The trailhead is in a lot that's used by the town highway department to store gravel, sand, etc. Our first indication that the parking lot was also being used as a nursery was an agitated Killdeer, drooping one wing, fanning its beautiful rusty and white tail.

The bird was doing a distraction display, trying to get us - two big dangerous-looking creatures - away from something!

Then we saw a second Killdeer, several feet away from the displaying bird. This one was atop a small mound of gravel, looking tense and alert.

As it stood up, we could see at least two eggs!

Killdeer don't build what most of us think of as nests. They just make little scrapes in sand or dirt or gravel, choosing locations like golf courses, driveways, and even flat gravel roofs. Sometimes they add little pebbles or sticks or bits of trash to their nest. 


This couple had chosen an uncomfortable-looking pile of rocks.

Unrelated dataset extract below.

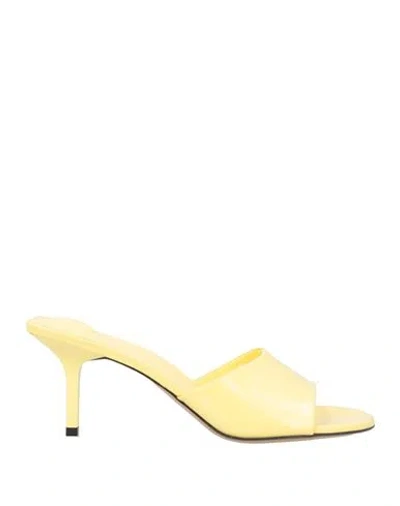 Jacquemus Woman Sandals Pastel Yellow Size 8 Leather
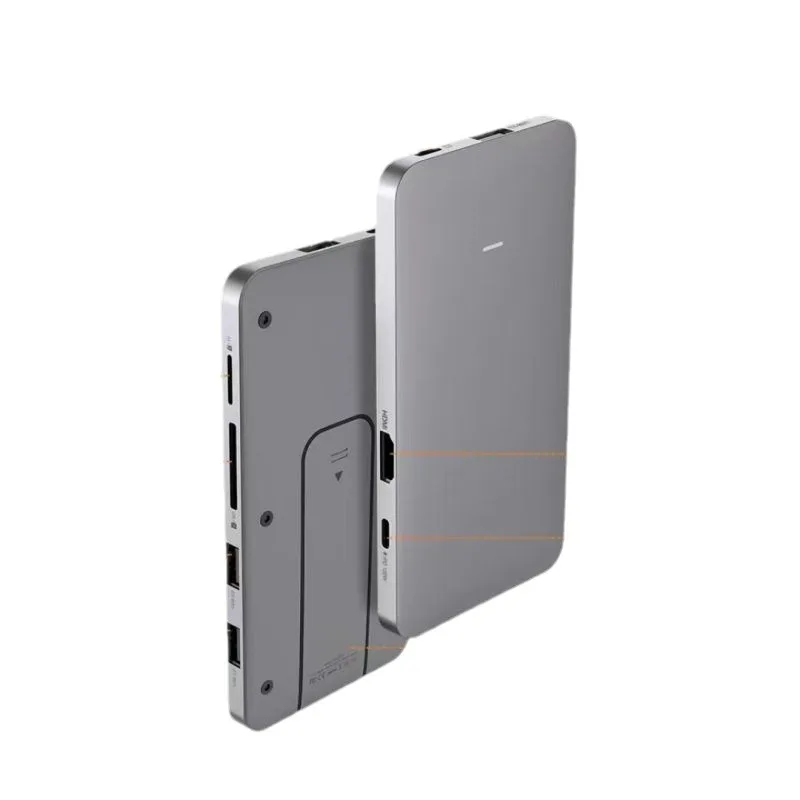 Portable Aluminum Alloy Slim M.2 NGFF SSD Enclosure Multi-function Docking Station 7-in-1 Docking Station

It's not a good idea to publicize the location of nests, so we waited to do this post until the pair of Killdeer had a chance to finish incubating their eggs. Killdeer young are "precocial"; that is, they're fully feathered when they hatch, and they can walk as soon as their feathers dry.
About two weeks after our walk, we learned that the pair was still there and that someone, perhaps the South Hero road crew, had placed warning flags around the nest so visitors wouldn't drive over it.